** Opening Source data block **

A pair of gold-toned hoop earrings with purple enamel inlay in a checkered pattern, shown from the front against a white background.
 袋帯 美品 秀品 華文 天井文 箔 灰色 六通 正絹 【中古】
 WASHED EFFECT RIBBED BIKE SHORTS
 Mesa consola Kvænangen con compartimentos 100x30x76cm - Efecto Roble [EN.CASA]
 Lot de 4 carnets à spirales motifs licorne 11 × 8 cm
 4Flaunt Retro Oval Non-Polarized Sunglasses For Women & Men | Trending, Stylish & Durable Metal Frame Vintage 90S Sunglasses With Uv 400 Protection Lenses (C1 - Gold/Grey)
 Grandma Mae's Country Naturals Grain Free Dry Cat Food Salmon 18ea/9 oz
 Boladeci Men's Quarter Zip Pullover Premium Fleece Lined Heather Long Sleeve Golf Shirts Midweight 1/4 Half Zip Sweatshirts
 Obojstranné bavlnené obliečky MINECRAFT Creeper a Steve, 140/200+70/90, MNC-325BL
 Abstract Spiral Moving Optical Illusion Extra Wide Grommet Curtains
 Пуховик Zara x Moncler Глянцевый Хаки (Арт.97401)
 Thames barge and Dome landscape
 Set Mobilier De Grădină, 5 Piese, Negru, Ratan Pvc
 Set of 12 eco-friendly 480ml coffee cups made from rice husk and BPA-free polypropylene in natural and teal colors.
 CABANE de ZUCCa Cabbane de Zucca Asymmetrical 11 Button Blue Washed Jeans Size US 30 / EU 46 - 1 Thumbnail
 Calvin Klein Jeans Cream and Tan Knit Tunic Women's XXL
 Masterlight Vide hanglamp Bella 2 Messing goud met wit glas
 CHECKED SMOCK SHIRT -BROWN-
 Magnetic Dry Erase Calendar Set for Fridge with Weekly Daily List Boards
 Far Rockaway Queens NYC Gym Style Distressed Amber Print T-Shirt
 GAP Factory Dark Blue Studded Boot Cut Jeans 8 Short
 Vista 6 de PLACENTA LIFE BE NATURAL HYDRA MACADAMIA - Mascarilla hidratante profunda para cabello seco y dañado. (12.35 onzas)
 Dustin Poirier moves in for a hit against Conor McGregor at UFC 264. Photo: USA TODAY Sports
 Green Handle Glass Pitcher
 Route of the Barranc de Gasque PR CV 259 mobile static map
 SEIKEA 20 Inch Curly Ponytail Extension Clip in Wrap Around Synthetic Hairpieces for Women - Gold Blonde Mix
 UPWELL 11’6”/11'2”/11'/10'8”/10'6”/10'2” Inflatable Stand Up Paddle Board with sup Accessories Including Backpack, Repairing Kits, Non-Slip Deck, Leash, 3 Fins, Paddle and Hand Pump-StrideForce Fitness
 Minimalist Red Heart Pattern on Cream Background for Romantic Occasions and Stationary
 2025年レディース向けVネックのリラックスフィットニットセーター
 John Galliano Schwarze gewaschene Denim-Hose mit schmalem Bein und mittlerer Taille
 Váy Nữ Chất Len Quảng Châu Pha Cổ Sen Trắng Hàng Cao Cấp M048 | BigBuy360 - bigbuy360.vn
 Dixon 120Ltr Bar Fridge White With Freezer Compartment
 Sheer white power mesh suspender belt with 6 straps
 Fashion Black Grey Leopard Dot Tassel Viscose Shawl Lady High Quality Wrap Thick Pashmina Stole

** Closing Source data block **

Your goal: The entries above must be output exactly, with every line preserved.

Exercise result:
A pair of gold-toned hoop earrings with purple enamel inlay in a checkered pattern, shown from the front against a white background.
 袋帯 美品 秀品 華文 天井文 箔 灰色 六通 正絹 【中古】
 WASHED EFFECT RIBBED BIKE SHORTS
 Mesa consola Kvænangen con compartimentos 100x30x76cm - Efecto Roble [EN.CASA]
 Lot de 4 carnets à spirales motifs licorne 11 × 8 cm
 4Flaunt Retro Oval Non-Polarized Sunglasses For Women & Men | Trending, Stylish & Durable Metal Frame Vintage 90S Sunglasses With Uv 400 Protection Lenses (C1 - Gold/Grey)
 Grandma Mae's Country Naturals Grain Free Dry Cat Food Salmon 18ea/9 oz
 Boladeci Men's Quarter Zip Pullover Premium Fleece Lined Heather Long Sleeve Golf Shirts Midweight 1/4 Half Zip Sweatshirts
 Obojstranné bavlnené obliečky MINECRAFT Creeper a Steve, 140/200+70/90, MNC-325BL
 Abstract Spiral Moving Optical Illusion Extra Wide Grommet Curtains
 Пуховик Zara x Moncler Глянцевый Хаки (Арт.97401)
 Thames barge and Dome landscape
 Set Mobilier De Grădină, 5 Piese, Negru, Ratan Pvc
 Set of 12 eco-friendly 480ml coffee cups made from rice husk and BPA-free polypropylene in natural and teal colors.
 CABANE de ZUCCa Cabbane de Zucca Asymmetrical 11 Button Blue Washed Jeans Size US 30 / EU 46 - 1 Thumbnail
 Calvin Klein Jeans Cream and Tan Knit Tunic Women's XXL
 Masterlight Vide hanglamp Bella 2 Messing goud met wit glas
 CHECKED SMOCK SHIRT -BROWN-
 Magnetic Dry Erase Calendar Set for Fridge with Weekly Daily List Boards
 Far Rockaway Queens NYC Gym Style Distressed Amber Print T-Shirt
 GAP Factory Dark Blue Studded Boot Cut Jeans 8 Short
 Vista 6 de PLACENTA LIFE BE NATURAL HYDRA MACADAMIA - Mascarilla hidratante profunda para cabello seco y dañado. (12.35 onzas)
 Dustin Poirier moves in for a hit against Conor McGregor at UFC 264. Photo: USA TODAY Sports
 Green Handle Glass Pitcher
 Route of the Barranc de Gasque PR CV 259 mobile static map
 SEIKEA 20 Inch Curly Ponytail Extension Clip in Wrap Around Synthetic Hairpieces for Women - Gold Blonde Mix
 UPWELL 11’6”/11'2”/11'/10'8”/10'6”/10'2” Inflatable Stand Up Paddle Board with sup Accessories Including Backpack, Repairing Kits, Non-Slip Deck, Leash, 3 Fins, Paddle and Hand Pump-StrideForce Fitness
 Minimalist Red Heart Pattern on Cream Background for Romantic Occasions and Stationary
 2025年レディース向けVネックのリラックスフィットニットセーター
 John Galliano Schwarze gewaschene Denim-Hose mit schmalem Bein und mittlerer Taille
 Váy Nữ Chất Len Quảng Châu Pha Cổ Sen Trắng Hàng Cao Cấp M048 | BigBuy360 - bigbuy360.vn
 Dixon 120Ltr Bar Fridge White With Freezer Compartment
 Sheer white power mesh suspender belt with 6 straps
 Fashion Black Grey Leopard Dot Tassel Viscose Shawl Lady High Quality Wrap Thick Pashmina Stole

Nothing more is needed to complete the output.